Trees fuel growing demand for cleaner energy

Sep 24 - The Augusta Chronicle, Ga.

 

Torence Trammel works 12-hour shifts transforming pine trees into power.

"Lots of trucks today, pretty much steady," said the shift leader at Ameresco's new biomass coge­ne­ration plant at Savannah River Site.

From a control room high above the forested landscape, Trammel monitors conveyors, boilers and turbines that provide steam and electricity for the sprawling nuclear site.

"The primary goal is steam -- enough to satisfy 100 percent of the site's needs," said Ken Chacey, Ameresco's on-site manager. "We also make 30 percent of the electricity for the entire site."

The technology revolves around a simple ingredient: wood chips that arrive by truck each day from forests and farms within 50 miles.

Since the plant went into service in January, it has produced about 1 billion pounds of steam pressure and 60,000 megawatts of electricity.

Its completion enabled the U.S. Energy Department to shut down its previous power source: a coal-fired power plant from the 1950s that generated air pollution along with electricity.
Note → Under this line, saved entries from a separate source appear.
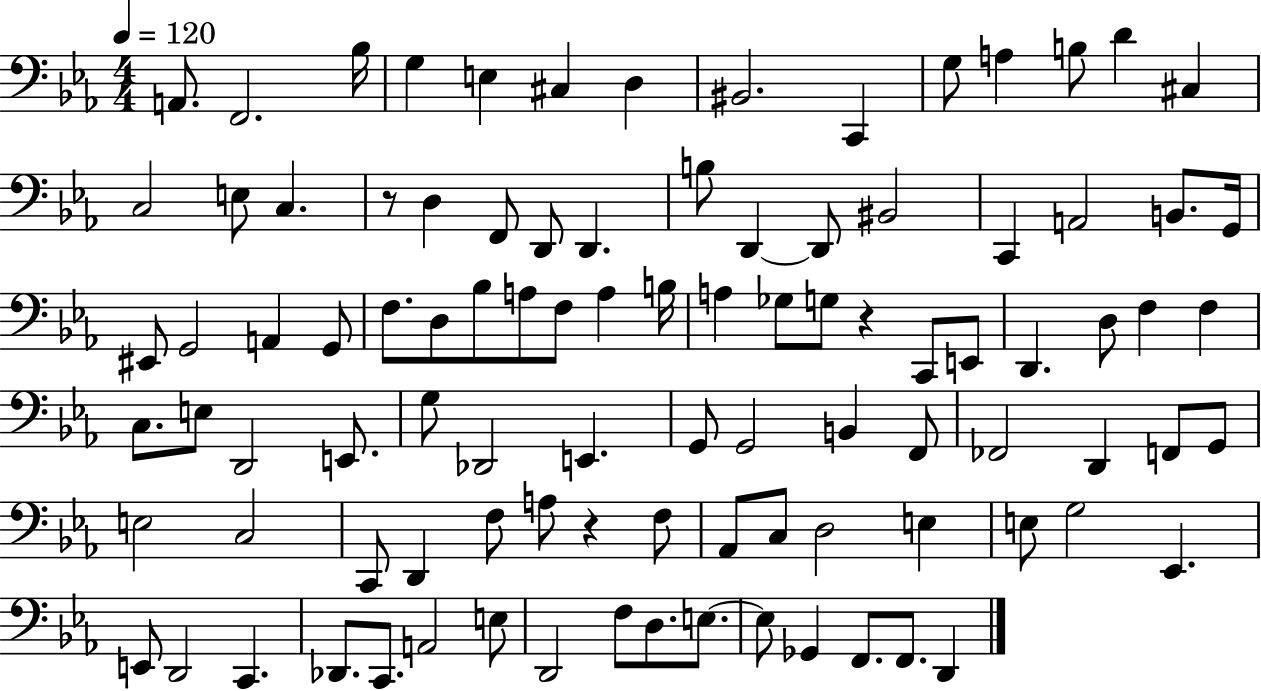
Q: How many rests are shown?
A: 3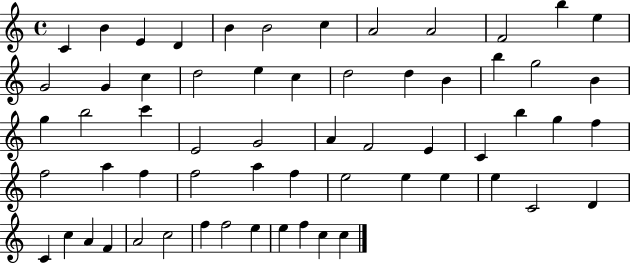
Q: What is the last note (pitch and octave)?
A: C5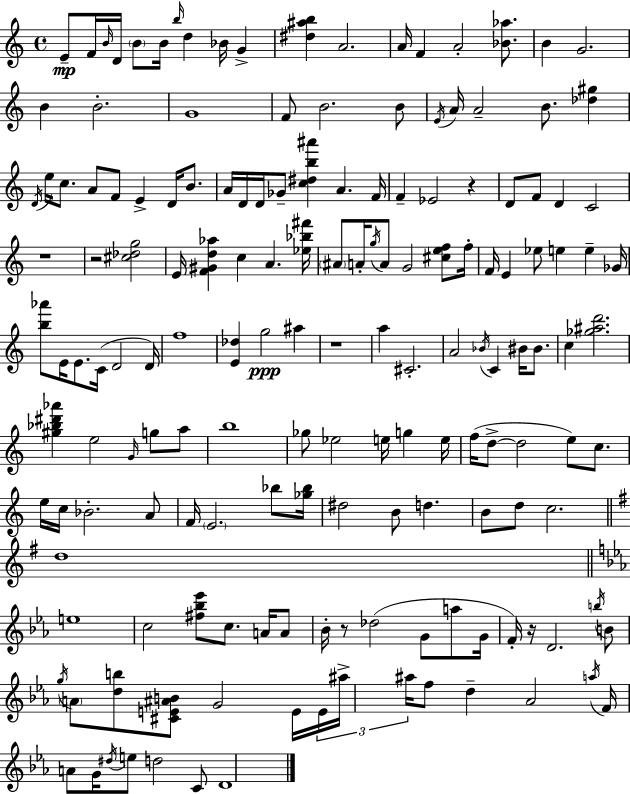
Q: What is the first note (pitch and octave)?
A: E4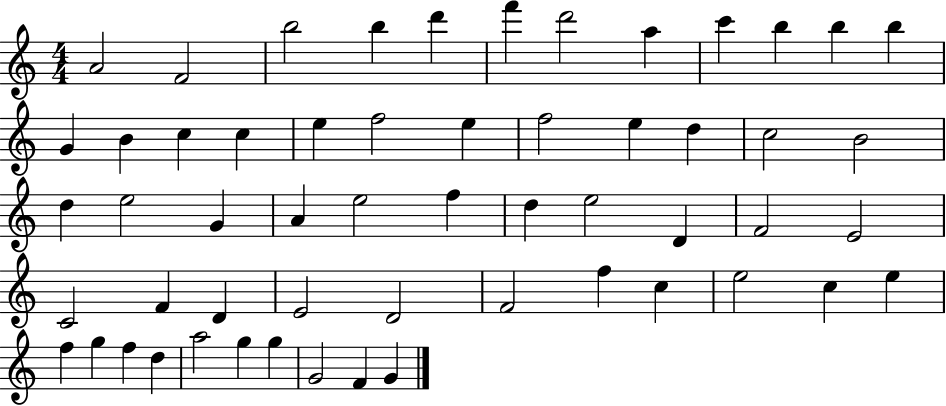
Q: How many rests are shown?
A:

Biomass power production is growing rapidly, along with the demand for green energy and development of better technology, Chacey said.
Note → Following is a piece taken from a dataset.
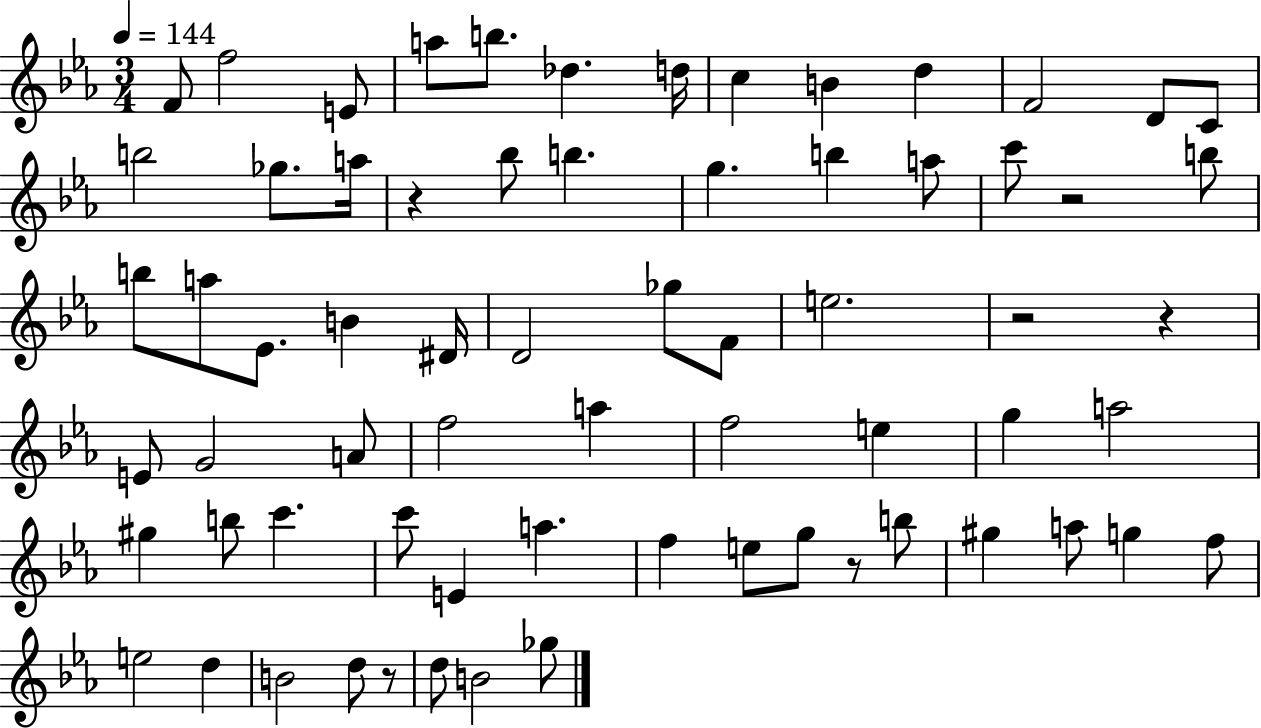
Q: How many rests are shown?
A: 6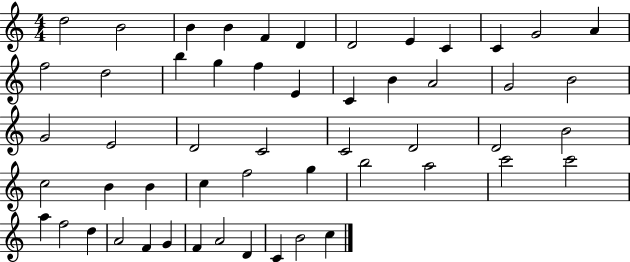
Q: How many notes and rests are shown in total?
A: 53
The SRS plant was created under a $795 million "Energy Savings Performance Contract" in which Ameresco designed and built the plant and will operate it for 19 years, but will be paid over time through money saved on energy costs.
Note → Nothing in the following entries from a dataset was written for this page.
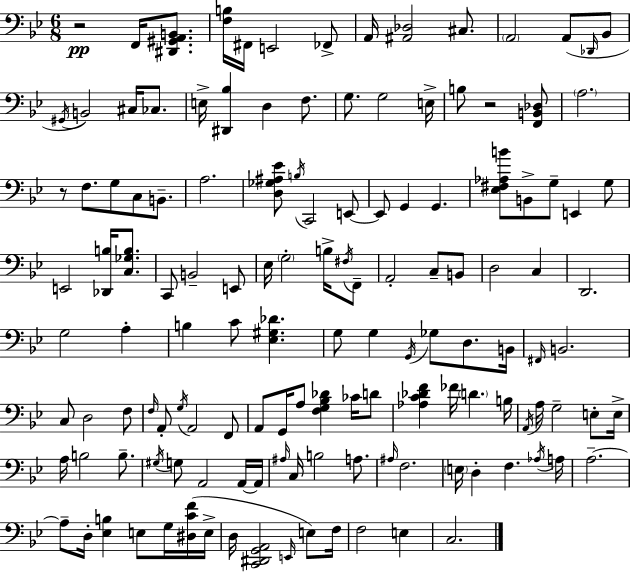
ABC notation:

X:1
T:Untitled
M:6/8
L:1/4
K:Gm
z2 F,,/4 [^D,,^G,,A,,B,,]/2 [F,B,]/4 ^F,,/4 E,,2 _F,,/2 A,,/4 [^A,,_D,]2 ^C,/2 A,,2 A,,/2 _D,,/4 _B,,/2 ^G,,/4 B,,2 ^C,/4 _C,/2 E,/4 [^D,,_B,] D, F,/2 G,/2 G,2 E,/4 B,/2 z2 [F,,B,,_D,]/2 A,2 z/2 F,/2 G,/2 C,/2 B,,/2 A,2 [D,_G,^A,_E]/2 B,/4 C,,2 E,,/2 E,,/2 G,, G,, [_E,^F,_A,B]/2 B,,/2 G,/2 E,, G,/2 E,,2 [_D,,B,]/4 [C,_G,B,]/2 C,,/2 B,,2 E,,/2 _E,/4 G,2 B,/4 ^F,/4 F,,/2 A,,2 C,/2 B,,/2 D,2 C, D,,2 G,2 A, B, C/2 [_E,^G,_D] G,/2 G, G,,/4 _G,/2 D,/2 B,,/4 ^F,,/4 B,,2 C,/2 D,2 F,/2 F,/4 A,,/2 G,/4 A,,2 F,,/2 A,,/2 G,,/4 A,/2 [F,G,_B,_D] _C/4 D/2 [_A,C_DF] _F/4 D B,/4 A,,/4 A,/4 G,2 E,/2 E,/4 A,/4 B,2 B,/2 ^G,/4 G,/2 A,,2 A,,/4 A,,/4 ^A,/4 C,/4 B,2 A,/2 ^A,/4 F,2 E,/4 D, F, _A,/4 A,/4 A,2 A,/2 D,/4 [_E,B,] E,/2 G,/4 [^D,CF]/4 E,/4 D,/4 [C,,^D,,G,,A,,]2 E,,/4 E,/2 F,/4 F,2 E, C,2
The wood chips that fuel the plant are often trucked to SRS the day they are harvested, and in many cases turn logging waste into revenue.

"A lot of it is off-spec wood -- not good for pulp or saw timber," Chacey said. "If you look at the indus­try as a whole, it's a relatively small amount of the wood that's being used."

The plant's daily importation of 30 to 40 truckloads is much smaller than the 600 to 700 trucks per day needed to serve a major paper mill.

The plant also burns a small percentage of shredded tires processed at a separate plant near Jackson. The "tire-derived fuel" helps stabilize the temperature inside the plant's twin boiler system, making it more efficient.

Procurement of the 322,000 tons of fuel needed at the plant each year also creates jobs -- about 25 at the plant and nine more at the tire-shredding site, Chacey said. If you take into account the impact on loggers, truckers and others involved in fuel acquisition, the impact is 200 to 300 jobs.

The plant's design allows great variability in the balance between steam and electricity.

"If the site's needs increase with new missions -- or even decrease -- the amount of electricity can be raised or lowered," Chacey said. "It was designed to be versatile."

The biomass power industry is growing rapidly in Georgia, especially among companies that make wood pellets for overseas markets.

"We act as the forestry specialists for the state De­partment of Economic De­velopment -- and we're doing a lot of projects," said chief forester Nathan McClure of the Georgia Forestry Commission's Utilization Department.

Georgia, already No. 1 in the nation for its volume of private timber land, is adding more wood pellet sites -- including a $60 million pellet mill announced last week that will be constructed in Sandersville.

"The market for wood pellets is being driven almost totally by renewable energy in Europe," McClure said, noting that energy producers in those nations are under pressure to use less coal.

Though export-quality wood pellets are drier and denser than the newly chipped material used in power plants such as the one at SRS, both create an opportunity to use some wood products that otherwise might be left as waste.

"A lot of these places use fuel chips, so it can include tops and branches of trees that would not otherwise be used for pulpwood or lumber," McClure said.

Small trees thinned from timber stands to allow remaining trees to grow larger can also provide fodder for power generation or pellets.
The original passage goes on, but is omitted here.